= Records supplied =
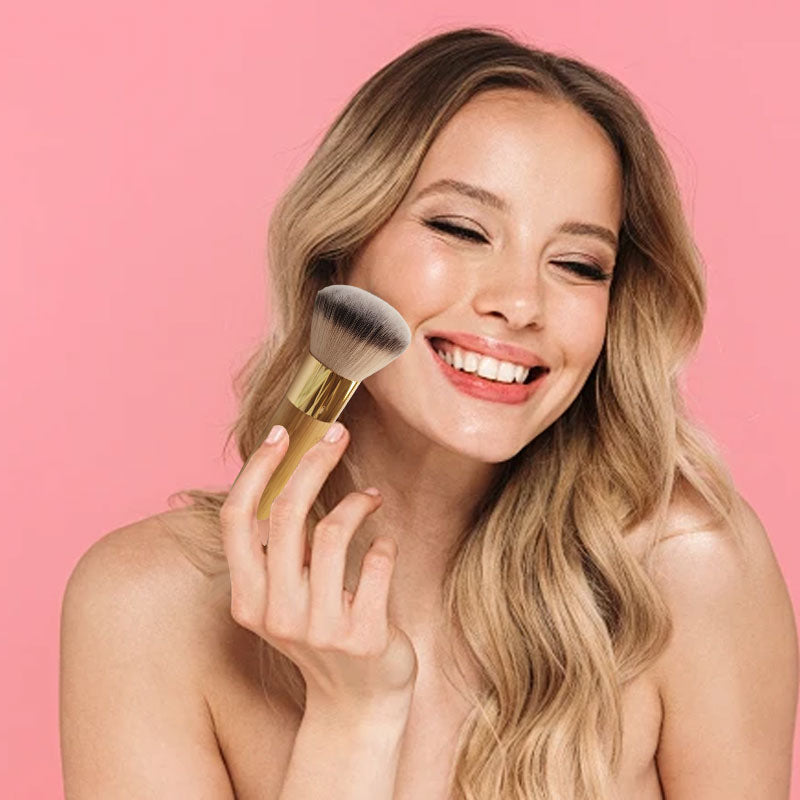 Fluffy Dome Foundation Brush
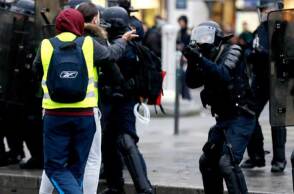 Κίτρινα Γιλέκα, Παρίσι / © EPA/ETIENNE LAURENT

==

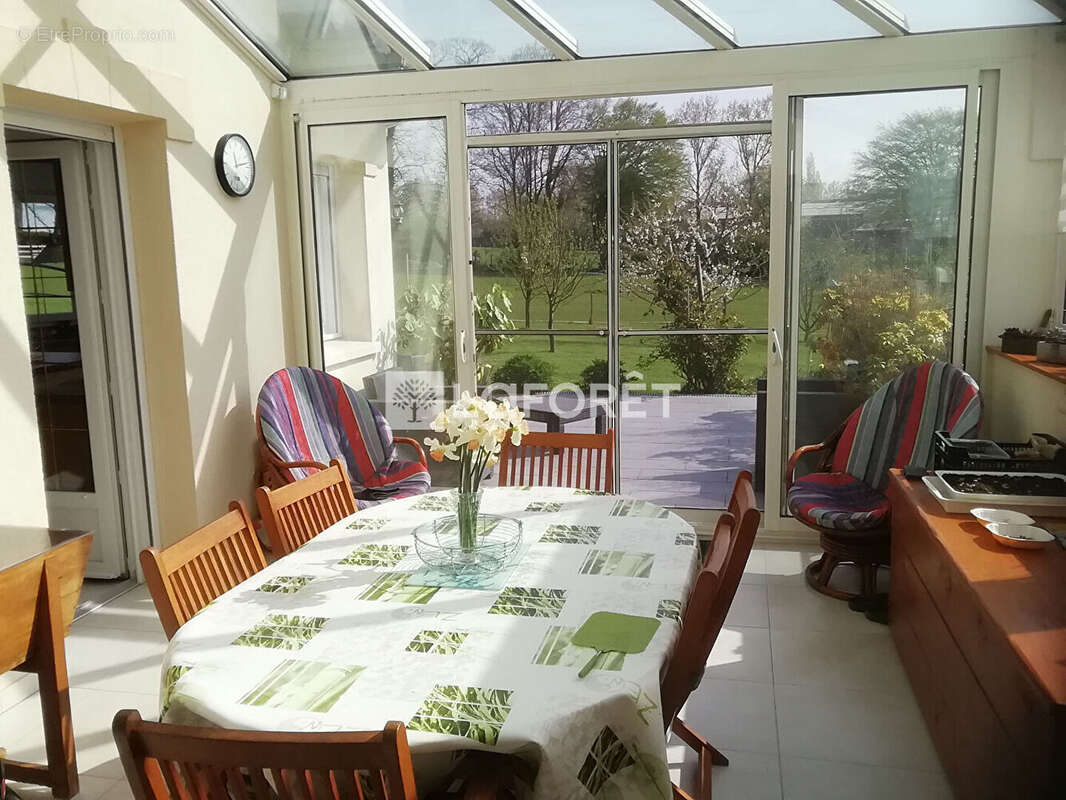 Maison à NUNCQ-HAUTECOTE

= How to complete this task =
A clean copy is needed of the lines above from the one with "Fluffy Dome Foundation Brush" up to and including the one with "Κίτρινα Γιλέκα, Παρίσι". Please set it down exactly, with no pictures.

= Your solution =
 Fluffy Dome Foundation Brush
 Κίτρινα Γιλέκα, Παρίσι / © EPA/ETIENNE LAURENT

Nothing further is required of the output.